*Exercise prompt*: Under this line sits a listing. Repeat exactly and only its lines from the one holding "瓦尔纳Radost的一间卧室配有床和一个带粉红色窗帘的窗户。" through the one holding "Photo: Couple using"; skip pictures.

*Dataset records*:

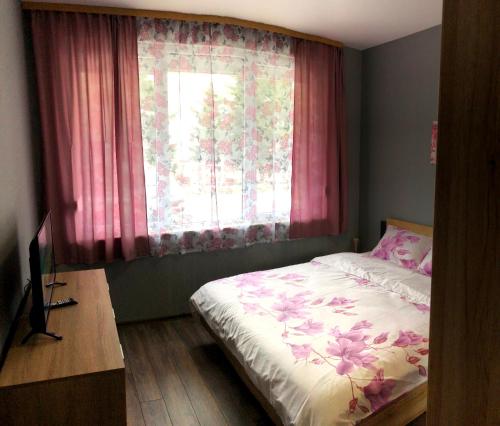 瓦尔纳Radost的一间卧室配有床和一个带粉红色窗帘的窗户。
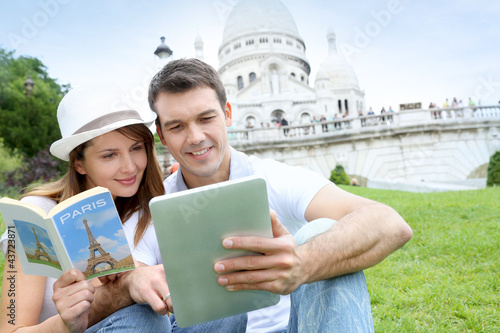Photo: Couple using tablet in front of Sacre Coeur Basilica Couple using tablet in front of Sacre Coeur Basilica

---

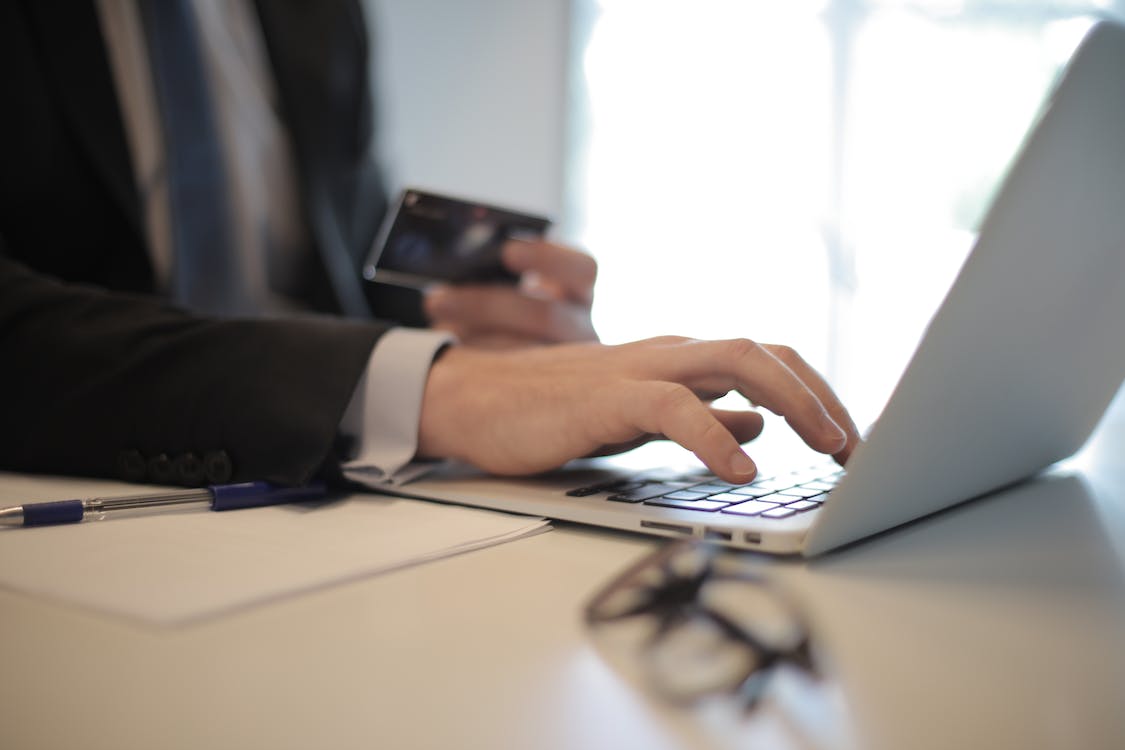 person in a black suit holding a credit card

==

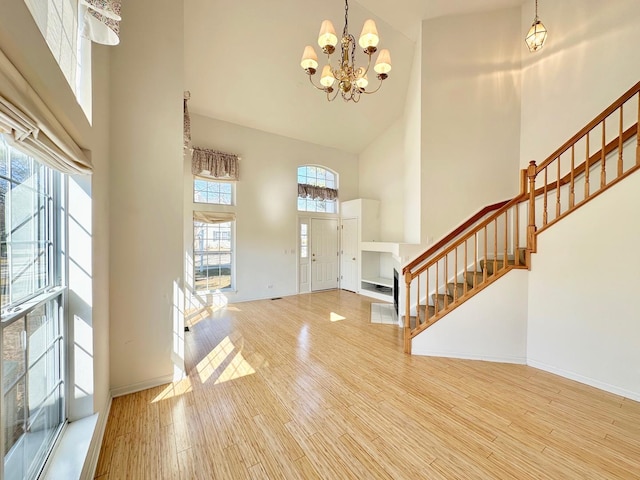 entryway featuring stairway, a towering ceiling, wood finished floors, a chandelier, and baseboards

*The completed task*:
 瓦尔纳Radost的一间卧室配有床和一个带粉红色窗帘的窗户。
Photo: Couple using tablet in front of Sacre Coeur Basilica Couple using tablet in front of Sacre Coeur Basilica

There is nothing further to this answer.